Russian Defence Minister Sergei Shoigu on Wednesday warned of the danger of the situation in Afghanistan, saying that there is a "high probability" of a civil war after the withdrawal of the North Atlantic Treaty Organisation (NATO) forces from the war-torn country.
He pointed out that the alliance, during its presence in the country for 20 years, failed to achieve any tangible result in the formation of solid-state institutions, according to Russia’s RIA Novosti news agency.
“It must be admitted that over 20 years of stay in Afghanistan, a significant military contingent of the Western alliance has failed to achieve significant results in stabilising the situation in the country and forming sustainable public administration structures,” Shoigu said.
“There was a high probability that after the withdrawal of Nato forces [from Afghanistan] a civil war would resume in the country with all negative consequences: further deterioration in the life of the population; mass migration; and the spread of extremism to neighbouring countries,” he said.
Meanwhile, Russian Deputy Permanent Representative to the UN Anna Yevstigneyeva, during the UN Security Council meeting on Afghanistan on Tuesday, said that the deterioration of the situation in Afghanistan amid the withdrawal of foreign forces causes ever-growing concerns.

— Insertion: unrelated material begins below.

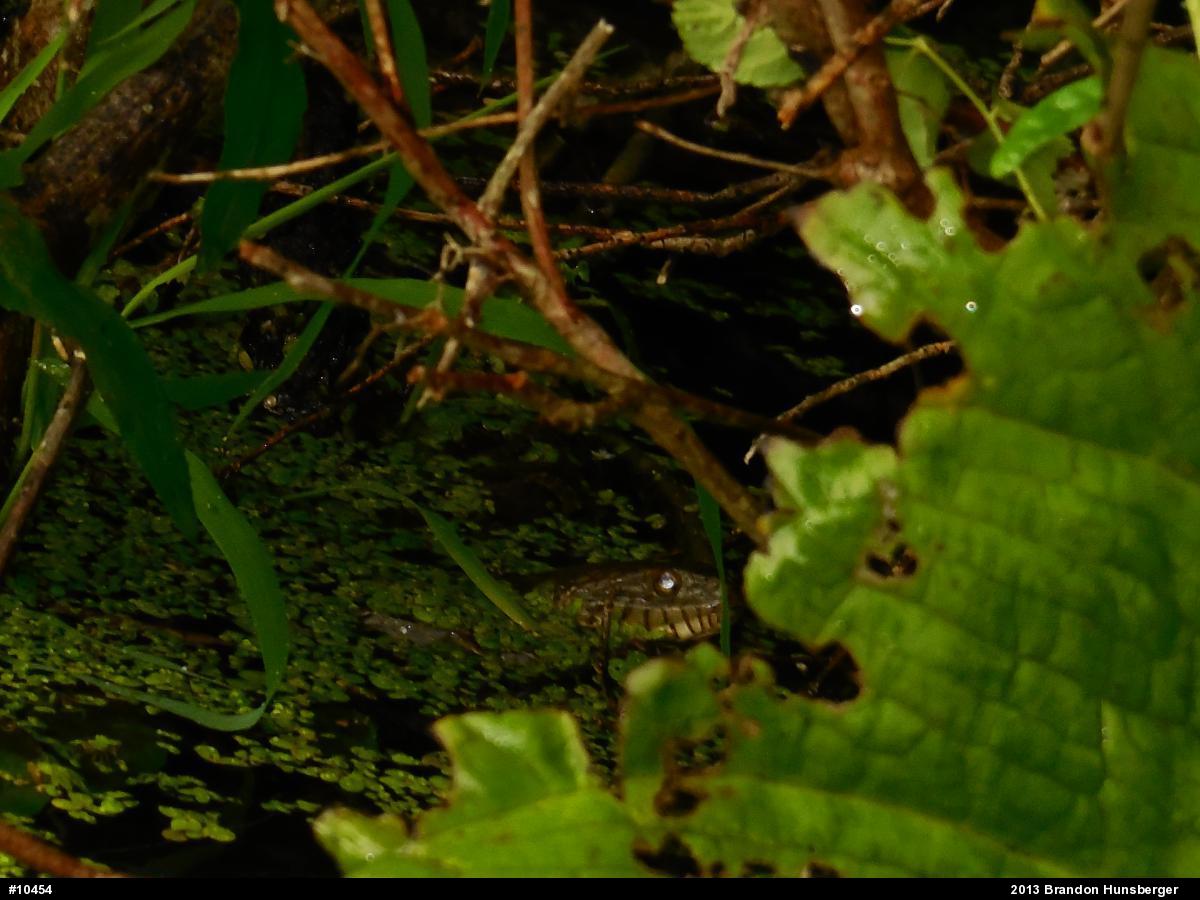 Northern Watersnake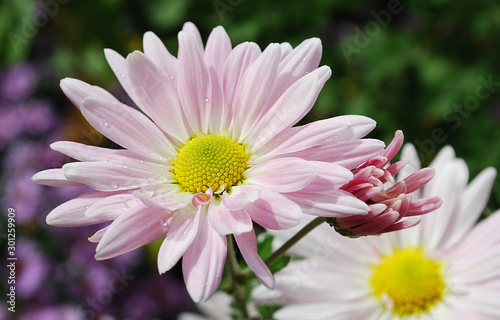 an autumn flower is a pink chrysanthemum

"Just like 20 years ago, the terrorist threat remains a serious challenge in Afghanistan," she said, adding that the "situation with drug production and drug trafficking" also causes concerns.
The development comes as Taliban insurgents press a major offensive in Afghanistan, triggering growing concern that the country would be sunk into a deeper crisis after American troops depart.
Fighting between US-backed Afghan forces and the Taliban has surged in recent weeks, with the militants gaining control of territory. The Pentagon now estimates the Taliban control 81 of the country's 419 district centers.
Political talks between the government and the Taliban have largely stalled and it is unclear how Afghan security forces will perform after US troops depart. The Taliban have assured Afghans who worked with foreign forces of their safety.
The Pentagon is overseeing an orderly withdrawal of US forces from Afghanistan and the United States has not seen an increase in violence directed against its troops in the country in the past year, White House press secretary Jen Psaki said earlier today.
Psaki told a news briefing that while there had been increased attacks on Afghan forces and the government compared with a year ago "we have not seen an increase in attacks on our military or presence since February 2020".
The US military has completed more than half of its withdrawal from Afghanistan and is set to finish in the coming weeks.